## What is needed
Please repeat the whole listing exactly, but leave the pictures out.

## Supplied information
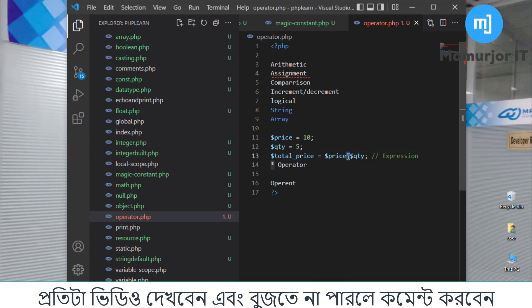These signs — mathematical signs — are called operators. When an operator gives a total result, that is called an expression. The values or things on which the operator operates are called operands.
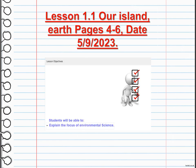We are going to start with the actual lesson from your book — our island, Earth, pages 4 to 6 — and it's going to be on September 5th. Our main objective for this lesson is to explain the focus of environmental science, which is understanding and protecting the natural world around us.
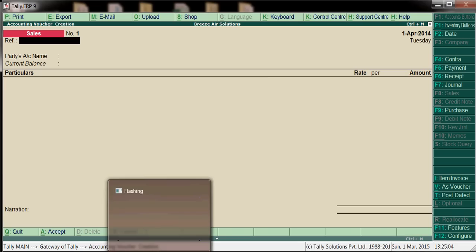Hi guys, today we will learn how to create purchase and sales ledgers and input and output tax ledgers. Based on the configuration in ledger master, the taxes will calculate automatically. We will see how it will work.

## Written solution
These signs — mathematical signs — are called operators. When an operator gives a total result, that is called an expression. The values or things on which the operator operates are called operands.
We are going to start with the actual lesson from your book — our island, Earth, pages 4 to 6 — and it's going to be on September 5th. Our main objective for this lesson is to explain the focus of environmental science, which is understanding and protecting the natural world around us.
Hi guys, today we will learn how to create purchase and sales ledgers and input and output tax ledgers. Based on the configuration in ledger master, the taxes will calculate automatically. We will see how it will work.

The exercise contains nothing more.